Haifa is a seaport located on Israel's Mediterranean coastline in the Bay of Haifa, about 90 km north of Tel Aviv. It is the third-largest city in the country, after Jerusalem and Tel Aviv and the largest in northern Israel.
It is built on the slopes of the historic Mount Carmel. The city is today home to a mixed population of Jews and Arabs, as well as to the Bahá'í World Centre, and two world-class academic institutions, the University of Haifa and the Technion - Israel Institute of Technology. High tech companies such as Intel, IBM, Microsoft, Motorola, and Google have opened R&D facilities in Haifa in recent years. Haifa is home to Jews, Muslim and Christian Arabs, Ahmadis (in Kababir), Druze (in Daliyat al-Carmel), and Bahá'ís, Carmelites and is often identified as a montage of peaceful coexistence.

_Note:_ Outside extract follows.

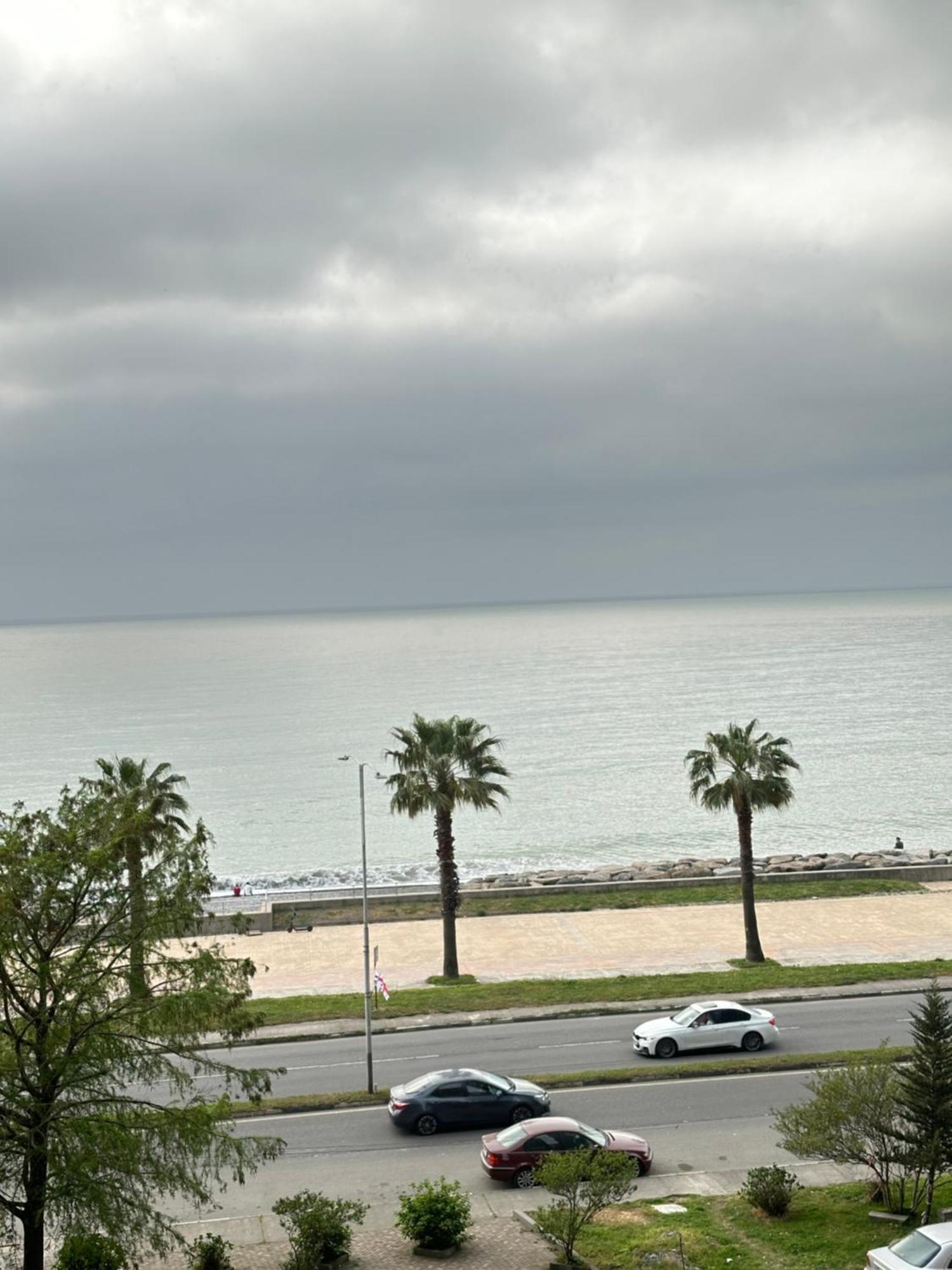 Aqua Batumi 47 Appartement Buitenkant foto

Both Mount Carmel and Kishon River are noted in the Bible. Mount Carmel is riddled with caves, and one of those near Haifa is known as the "Cave of Elijah", and considered by many Jews, Muslims, Christians, Bahai, and Carmelites to have been the home of the biblical Prophet Elijah and his apprentice, Elisha. In fact, the Carmelites were founded at, and named after, Mount Carmel, in the 12th century.

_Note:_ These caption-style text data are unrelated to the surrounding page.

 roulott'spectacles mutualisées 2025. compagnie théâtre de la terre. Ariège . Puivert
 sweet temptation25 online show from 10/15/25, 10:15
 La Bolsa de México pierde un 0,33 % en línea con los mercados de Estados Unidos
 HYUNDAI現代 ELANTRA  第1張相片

Haifa’s main tourist attraction is the Bahá'í World Centre, with the golden Shrine of the prophet Báb and the surrounding gardens. Other attractions include the restored German Colony of Haifa, founded by the Templers, Stella Maris church and the Carmelite monastery. Moreover, the artist's village of Ein Hod, near Haifa, is a lovely village to visit.
An added attraction exists with Mount Carmel national park. Here, visitors can see the caves where Neanderthal and early Human remains were found, sites where tradition places Elijah's confrontation with the Ba'al prophets, and where now another Carmelite monastery is located. The Carmel is also a popular hiking area.